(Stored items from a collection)
------------------------------------
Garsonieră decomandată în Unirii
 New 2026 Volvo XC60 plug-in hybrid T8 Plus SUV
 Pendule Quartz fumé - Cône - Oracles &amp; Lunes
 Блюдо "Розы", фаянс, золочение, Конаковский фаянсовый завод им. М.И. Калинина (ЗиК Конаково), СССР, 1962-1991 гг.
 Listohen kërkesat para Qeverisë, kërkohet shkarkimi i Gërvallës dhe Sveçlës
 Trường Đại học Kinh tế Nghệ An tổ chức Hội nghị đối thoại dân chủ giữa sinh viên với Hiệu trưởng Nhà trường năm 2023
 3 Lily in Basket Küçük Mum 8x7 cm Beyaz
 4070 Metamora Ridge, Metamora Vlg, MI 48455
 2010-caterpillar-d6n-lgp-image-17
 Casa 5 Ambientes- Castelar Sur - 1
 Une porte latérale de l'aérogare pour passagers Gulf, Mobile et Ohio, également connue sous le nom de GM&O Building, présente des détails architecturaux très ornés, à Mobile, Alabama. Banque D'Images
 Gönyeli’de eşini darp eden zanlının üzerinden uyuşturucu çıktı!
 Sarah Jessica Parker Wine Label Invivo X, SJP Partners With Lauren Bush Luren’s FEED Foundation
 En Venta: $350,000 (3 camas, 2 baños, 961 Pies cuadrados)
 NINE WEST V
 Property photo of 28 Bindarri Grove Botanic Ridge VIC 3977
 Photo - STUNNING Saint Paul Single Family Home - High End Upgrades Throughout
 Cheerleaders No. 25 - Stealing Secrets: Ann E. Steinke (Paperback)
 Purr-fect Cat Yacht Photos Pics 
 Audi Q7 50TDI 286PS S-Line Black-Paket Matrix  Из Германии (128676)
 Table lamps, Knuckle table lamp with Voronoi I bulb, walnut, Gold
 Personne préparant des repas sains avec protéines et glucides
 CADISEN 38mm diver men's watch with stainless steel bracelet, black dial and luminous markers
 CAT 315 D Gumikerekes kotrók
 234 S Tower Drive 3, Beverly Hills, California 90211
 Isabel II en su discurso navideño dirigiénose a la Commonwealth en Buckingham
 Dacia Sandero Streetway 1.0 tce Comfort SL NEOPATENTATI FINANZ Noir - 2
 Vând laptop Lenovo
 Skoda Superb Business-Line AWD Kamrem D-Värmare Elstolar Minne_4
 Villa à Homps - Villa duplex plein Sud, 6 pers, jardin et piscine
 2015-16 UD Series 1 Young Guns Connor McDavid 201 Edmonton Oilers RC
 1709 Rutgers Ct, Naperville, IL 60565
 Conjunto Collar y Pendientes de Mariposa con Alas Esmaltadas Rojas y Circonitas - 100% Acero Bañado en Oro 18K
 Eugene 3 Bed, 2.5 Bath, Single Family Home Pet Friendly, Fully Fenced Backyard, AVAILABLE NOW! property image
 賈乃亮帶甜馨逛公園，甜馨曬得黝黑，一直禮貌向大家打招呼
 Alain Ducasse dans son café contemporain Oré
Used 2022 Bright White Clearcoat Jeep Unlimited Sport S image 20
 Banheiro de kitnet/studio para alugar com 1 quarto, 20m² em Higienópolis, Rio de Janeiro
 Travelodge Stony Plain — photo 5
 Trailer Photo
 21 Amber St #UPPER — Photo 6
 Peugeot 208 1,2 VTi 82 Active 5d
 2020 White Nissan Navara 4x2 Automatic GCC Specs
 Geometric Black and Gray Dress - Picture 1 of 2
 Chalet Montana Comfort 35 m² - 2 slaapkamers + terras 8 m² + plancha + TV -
------------------------------------
A word-for-word copy of the lines above from the one with "Gönyeli’de eşini darp" through the one with "Property photo of", inclusive, is the only output wanted.

 Gönyeli’de eşini darp eden zanlının üzerinden uyuşturucu çıktı!
 Sarah Jessica Parker Wine Label Invivo X, SJP Partners With Lauren Bush Luren’s FEED Foundation
 En Venta: $350,000 (3 camas, 2 baños, 961 Pies cuadrados)
 NINE WEST V
 Property photo of 28 Bindarri Grove Botanic Ridge VIC 3977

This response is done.